--- STUDY MATERIAL ---
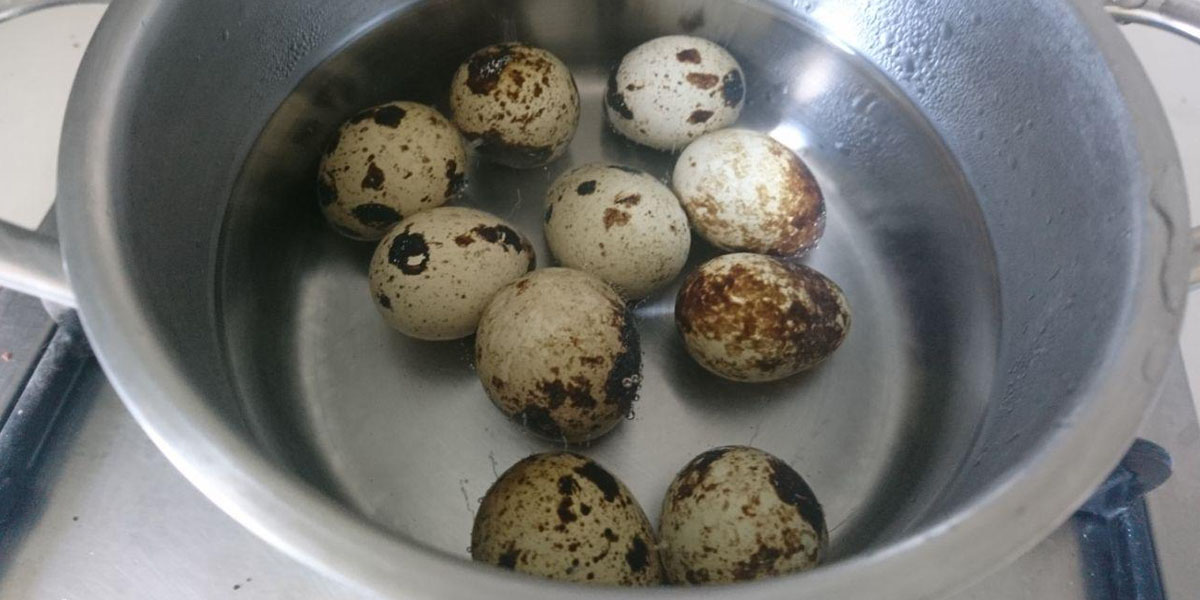 verser les œufs de caille avec de l'eau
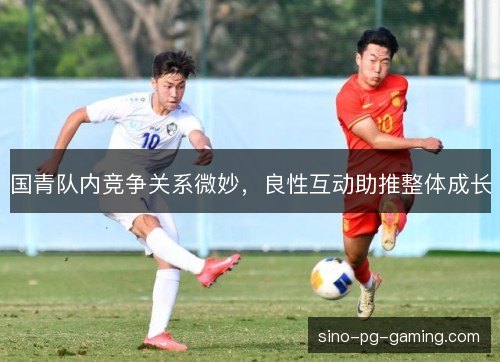 国青队内竞争关系微妙，良性互动助推整体成长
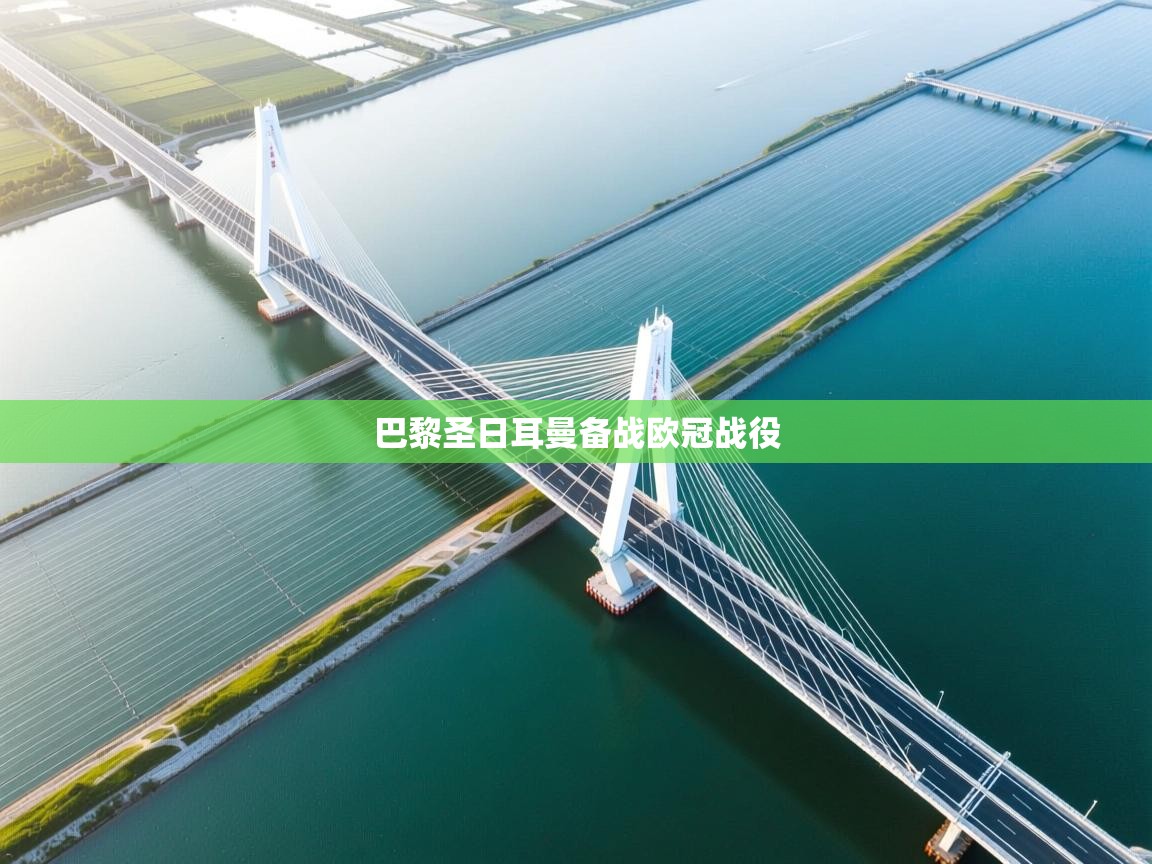 巴黎圣日耳曼备战欧冠战役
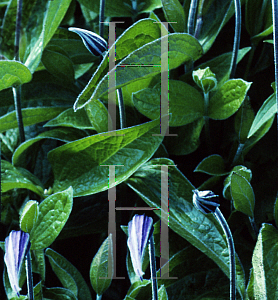 Picture of Clematis x eriostemon 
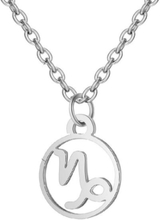 Necklace - Capricorn - Zodiac - Stainless steel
---
* _BRIEF_:
Skip the images and set down the rest of the data unchanged.

* _TASK SOLUTION_:
 verser les œufs de caille avec de l'eau
 国青队内竞争关系微妙，良性互动助推整体成长
 巴黎圣日耳曼备战欧冠战役
 Picture of Clematis x eriostemon 
 Necklace - Capricorn - Zodiac - Stainless steel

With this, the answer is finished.